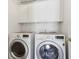 Laundry room featuring a full-sized side-by-side washer and dryer beneath white wall-mounted cabinets at 4017 Ivory Ct, Carmel, IN 46074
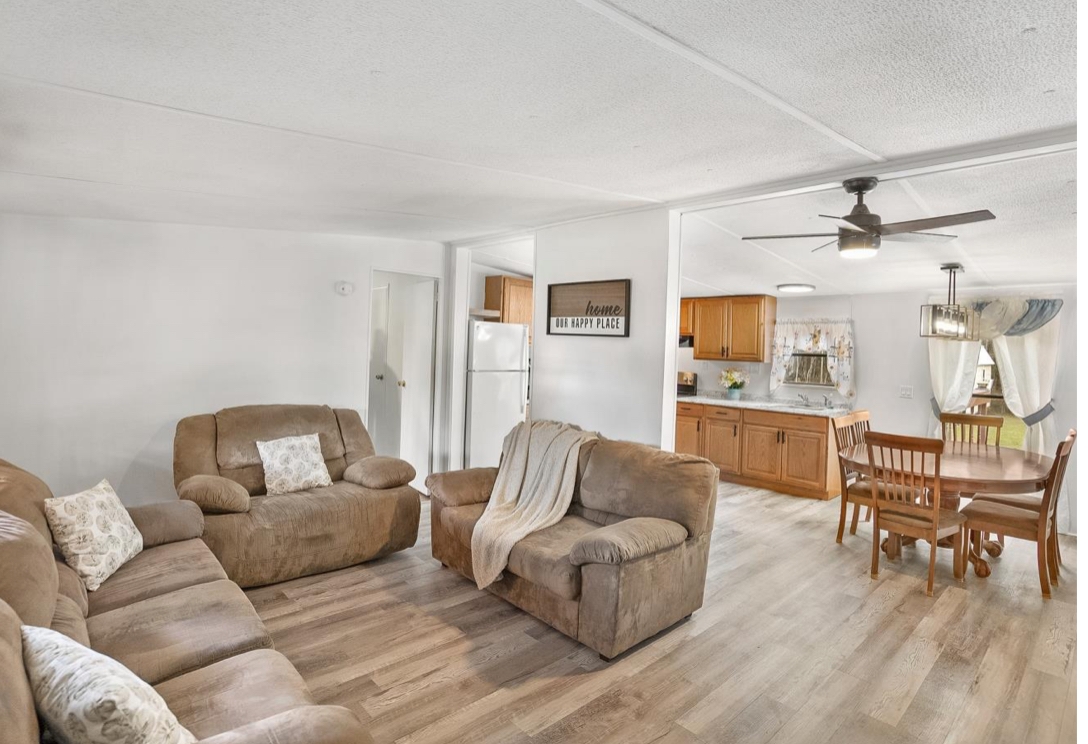4410 Rues Landing Road St. Augustine, FL 32092 - Photo 4 of 19 a living room with furniture and view of kitchen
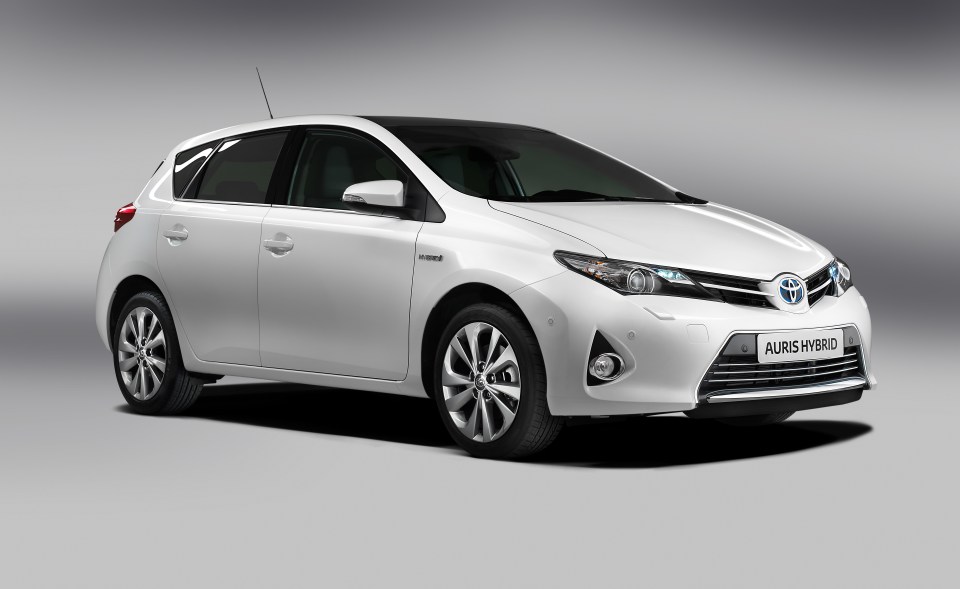 a white toyota auris hybrid is shown on a white background
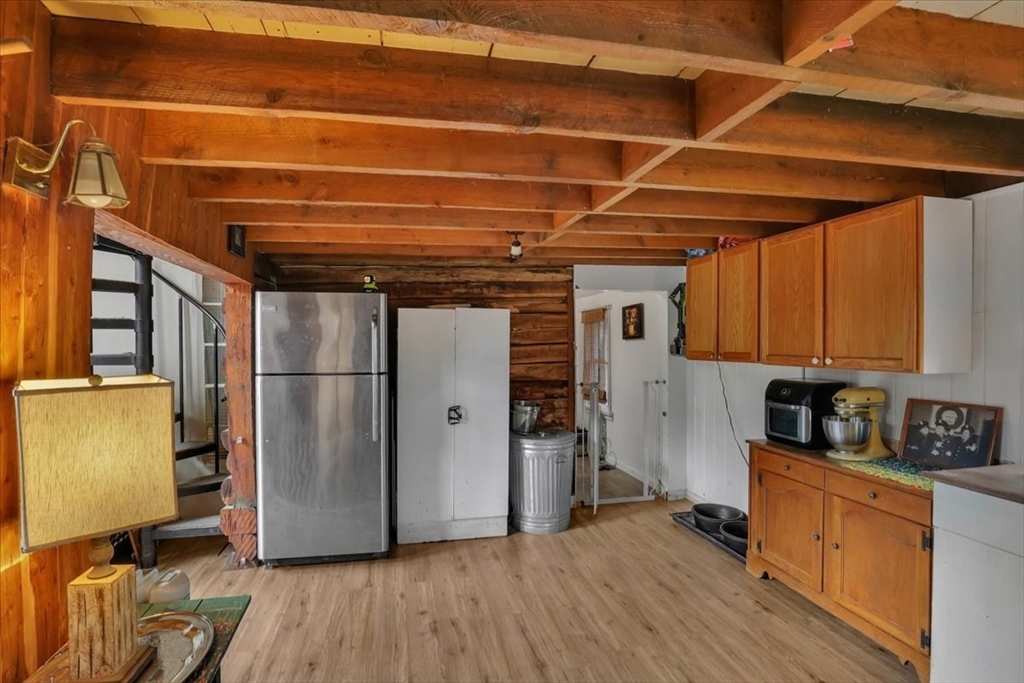 4 Stage Road Huntington, MA 01050 - Photo 10 of 32 a view of a refrigerator with wooden floor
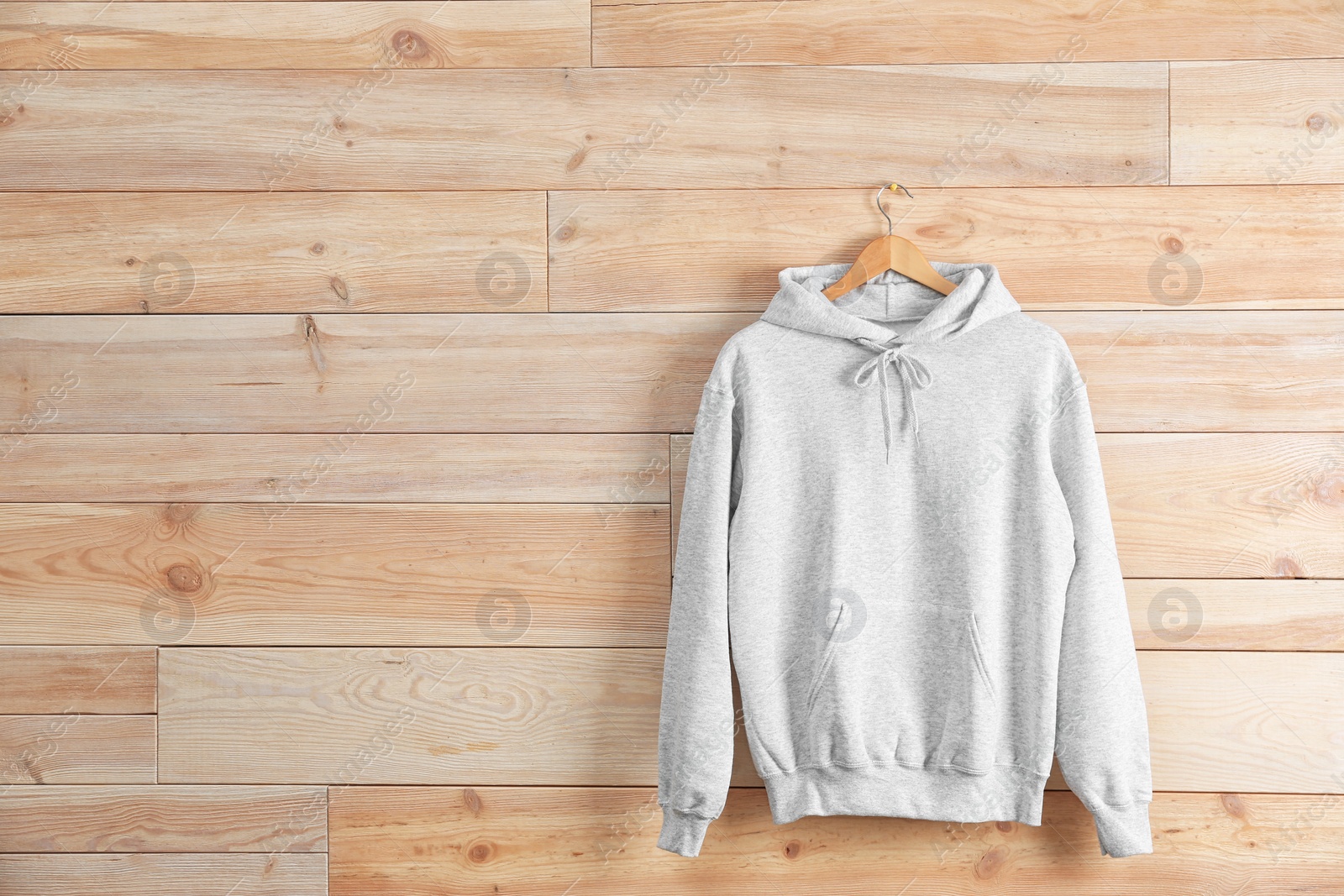 Photo of New hoodie sweater with hanger on wooden wall. Mockup for design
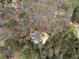 Secluded home nestled among trees with a private pool and well-maintained grounds at 2160 Bradley Trl, Cumming, GA 30041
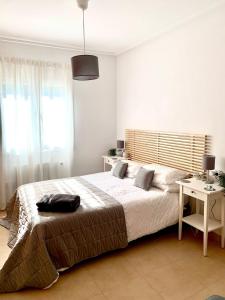 a bedroom with a large bed with a desk and a window at Casa Benks - Mar Menor Golf in Torre-Pacheco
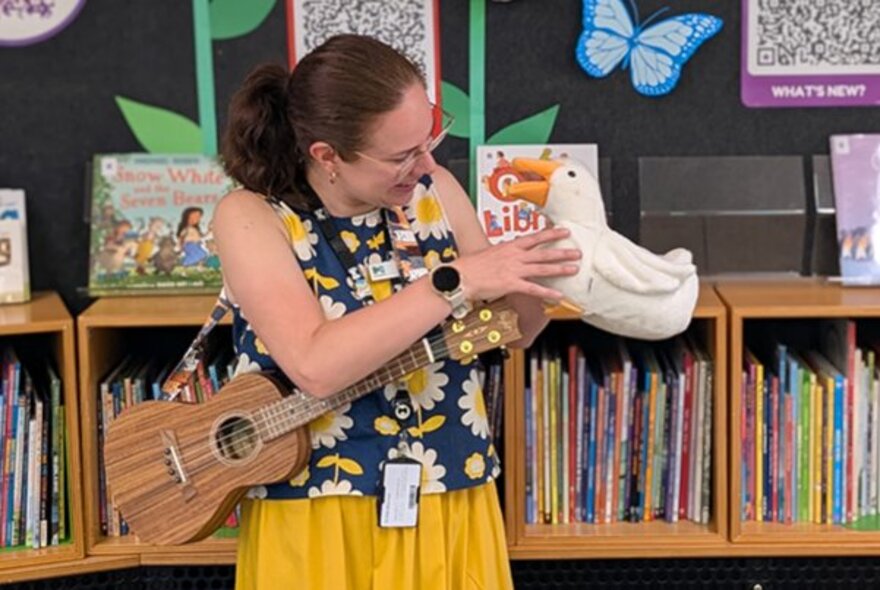 A woman in a library setting holding a ukulele and talking to a toy bird. 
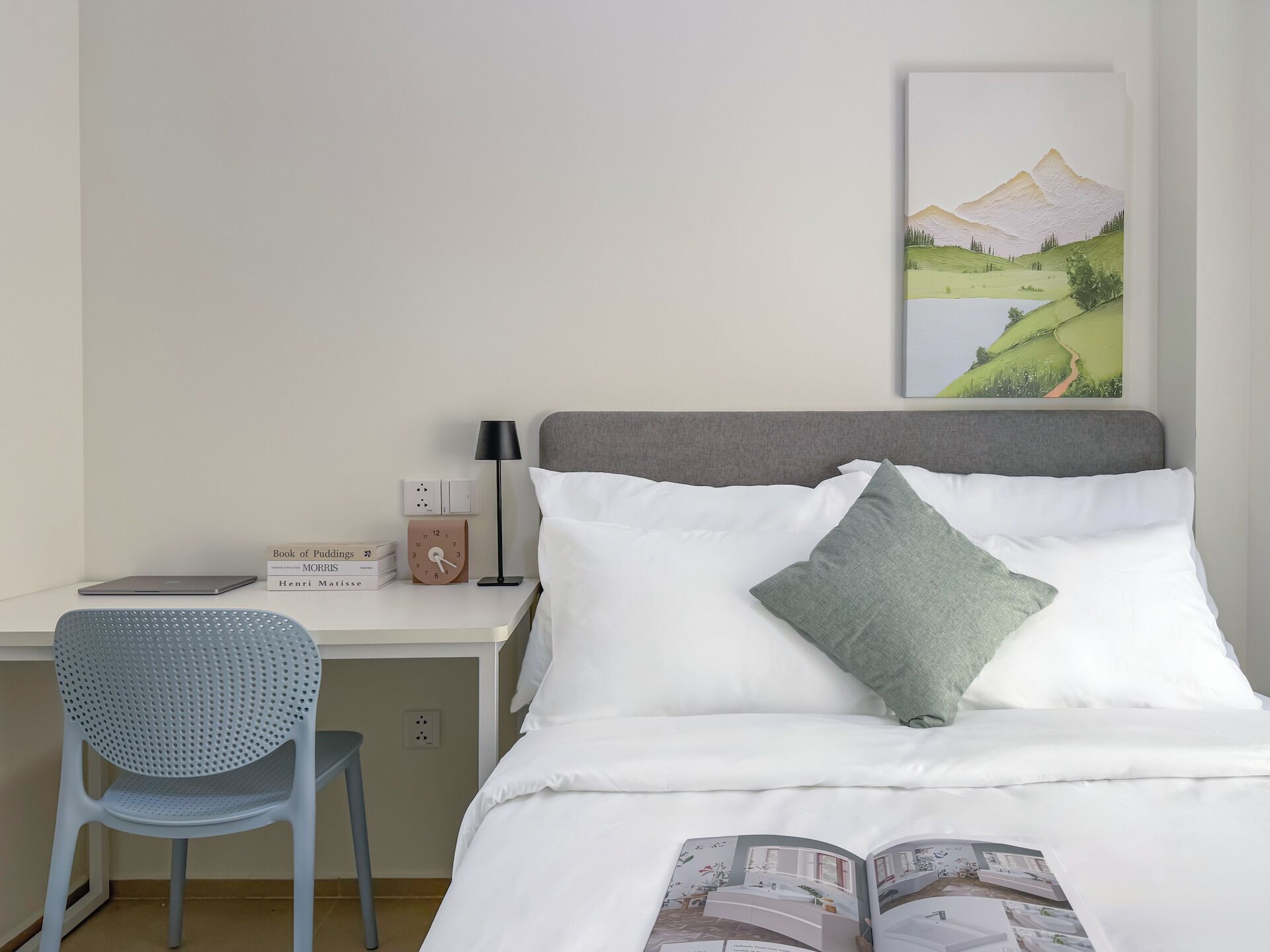 A neatly arranged hotel room with a bed, a desk, a chair, a lamp, and a painting on the wall.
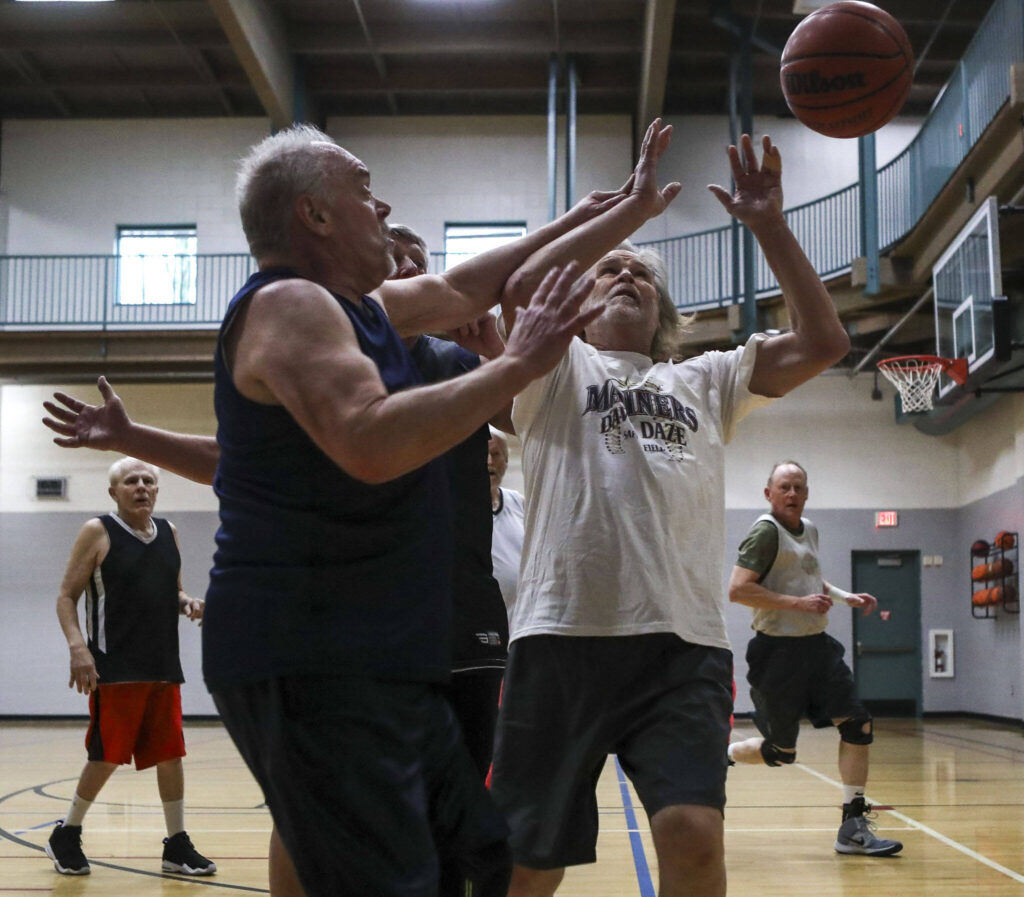 Steve Powell, 66, left, and Mac Sheridan, 70, fight for the ball during a pick-up basketball game at the Marysville YMCA in Marysville, Washington, on Monday, March 13, 2023. (Annie Barker / The Herald)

----

* [DIRECTIONS] Your copy should match the listing exactly, apart from the pictures it leaves out.

* [SOLUTION TO THIS TASK]
 Laundry room featuring a full-sized side-by-side washer and dryer beneath white wall-mounted cabinets at 4017 Ivory Ct, Carmel, IN 46074
4410 Rues Landing Road St. Augustine, FL 32092 - Photo 4 of 19 a living room with furniture and view of kitchen
 a white toyota auris hybrid is shown on a white background
 4 Stage Road Huntington, MA 01050 - Photo 10 of 32 a view of a refrigerator with wooden floor
 Photo of New hoodie sweater with hanger on wooden wall. Mockup for design
 Secluded home nestled among trees with a private pool and well-maintained grounds at 2160 Bradley Trl, Cumming, GA 30041
 a bedroom with a large bed with a desk and a window at Casa Benks - Mar Menor Golf in Torre-Pacheco
 A woman in a library setting holding a ukulele and talking to a toy bird. 
 A neatly arranged hotel room with a bed, a desk, a chair, a lamp, and a painting on the wall.
 Steve Powell, 66, left, and Mac Sheridan, 70, fight for the ball during a pick-up basketball game at the Marysville YMCA in Marysville, Washington, on Monday, March 13, 2023. (Annie Barker / The Herald)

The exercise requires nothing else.